Is there a name for the open set there is some compact set that contains the set?

Also, if $X$ is a locally compact Hausdorff space, and $C$ be some compact set. If there exist a open set $U$ that contains $C$, I want to show that there exist a open set $D$ such that $C\subset D$ and $D\subset A$ for some compact set $A$.

I am thinking of covering the set $C$ with some finite open set $U_n$ with compact set $C_n$ that contains it since the space is locally compact. Then let $A=\cup U_n$ and $D=\cup C_n$ is a compact set such that $C \subset D$.

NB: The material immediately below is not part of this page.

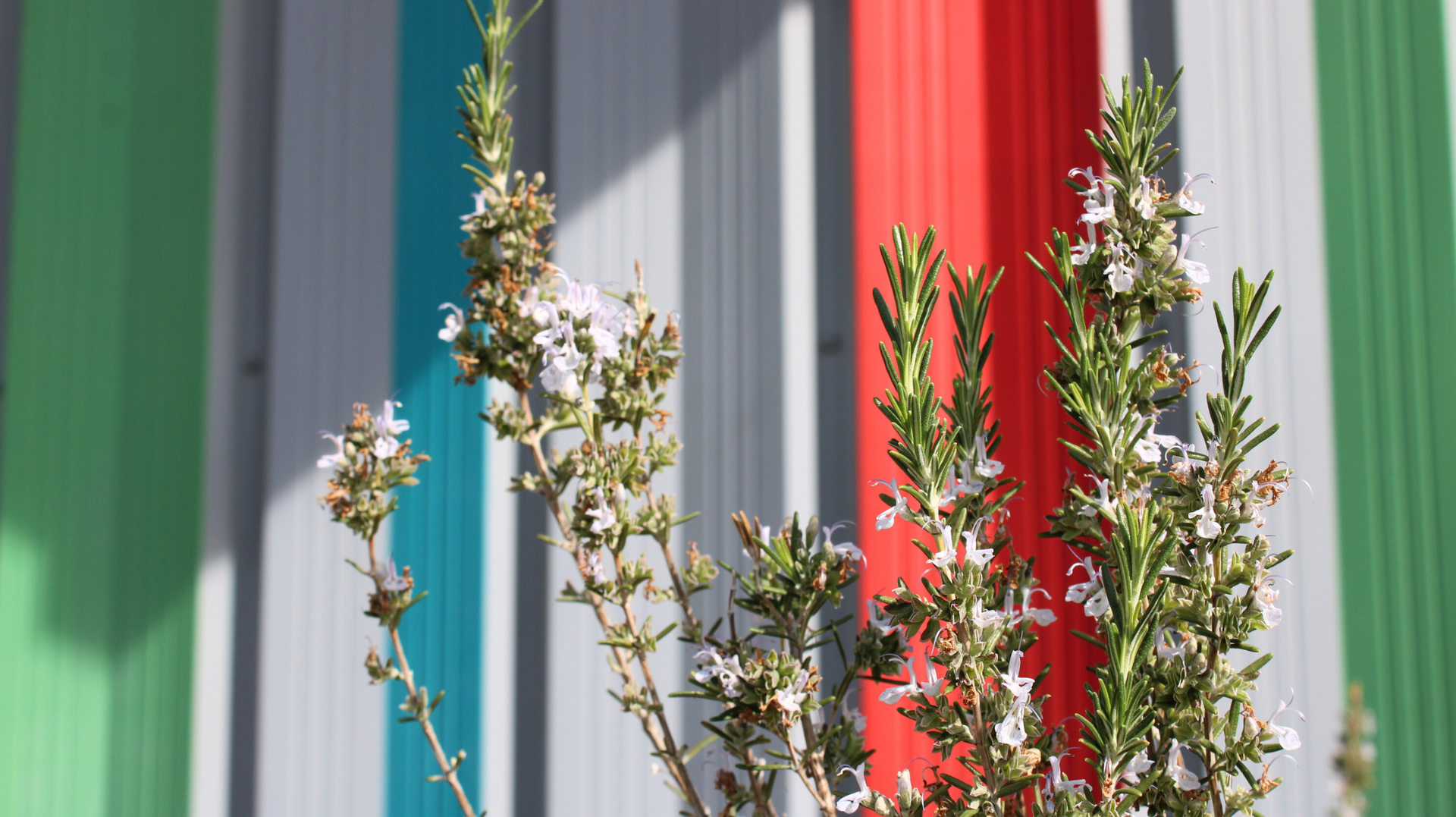 A flowering rosemary plant in front of colorful school building wall.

But this set $D$ can be not contained in $U$

I'm wondering if someone can help with the proof and the nomenclature.


2 Answers 2


It's not about the nomenclature (though in your setting such an open set is said to be "relatively compact"), but the idea of the proof of what you want.

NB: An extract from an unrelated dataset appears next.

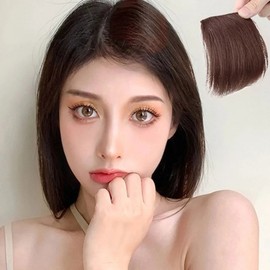 Volume Wig Hairpiece Women's Natural Hair Brown (WFIXPOZ) / 볼륨가발 헤어피스 여성용 자연스러운털 브라운 (WFIXPOZ)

You can choose for each $x \in C$ an open set $O_x$ such that $$x \in O_x \subseteq \overline{O_x} \text{ (which is compact) } \subseteq U$$

because in a locally compact Hausdorff space the compact neighbourhoods (or open sets with compact closure, aka relatively compact open sets) of $x$ form a local base.

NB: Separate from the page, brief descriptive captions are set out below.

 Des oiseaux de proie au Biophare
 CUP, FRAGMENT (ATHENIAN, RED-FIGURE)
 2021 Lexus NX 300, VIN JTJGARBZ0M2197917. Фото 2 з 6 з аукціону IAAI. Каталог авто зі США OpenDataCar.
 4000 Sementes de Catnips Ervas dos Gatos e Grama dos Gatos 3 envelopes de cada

$C$ being compact allows us to find a finite subcover of $O_x$'s and the union of these can be your $D$, and its closure (which you could call $A$) is compact (as the finite union of the corresponding $\overline{O_x}$) and of course sits inside $U$ still.

Confusing symbol choices: I'd say:

for a compact $C$ with an open set $C \subseteq U$ we can find an open set $V$ such that $\overline{V}$ is compact and such that $C \subseteq V \subseteq \overline{V} \subseteq U$.

There is no need for an extra name for the compact set $\overline{V}$. If $D \subseteq A$ and $A$ is compact we can just use that $\overline{D}$ is compact (as a closed subset of $A$, we do use Hausdorffness in that $A$ is closed, so $\overline{D} \subseteq \overline{A} = A$, etc). So in a Hausdorff space "an open set that is a subset of a compact set" is the same as "an open set with compact closure", and that last is (as I already mentioned) called a relatively compact set in this context, or maybe shorter " a compact neighbourhood (of $C$)".


I think the first thing you ask about is getting at the definition of local compactness. To me the phrase "locally compact" would initially mean that every point in a space has an open neighborhood containing a compact set. But this leads nowhere, as the point itself is compact. Instead you want to be able to say that the point is contained in some compact set with some extra space, i.e. the point should be in the interior of the compact set. An equivalent condition (which I think requires Hausdorff) is that every point has an open neighborhood with compact closure.

As an example, an infinite graph with finite valence is locally compact but not compact. An infinite graph with infinite valence at some vertex is not locally compact, because every neighborhood of the vertex contains portions of infinitely many edges.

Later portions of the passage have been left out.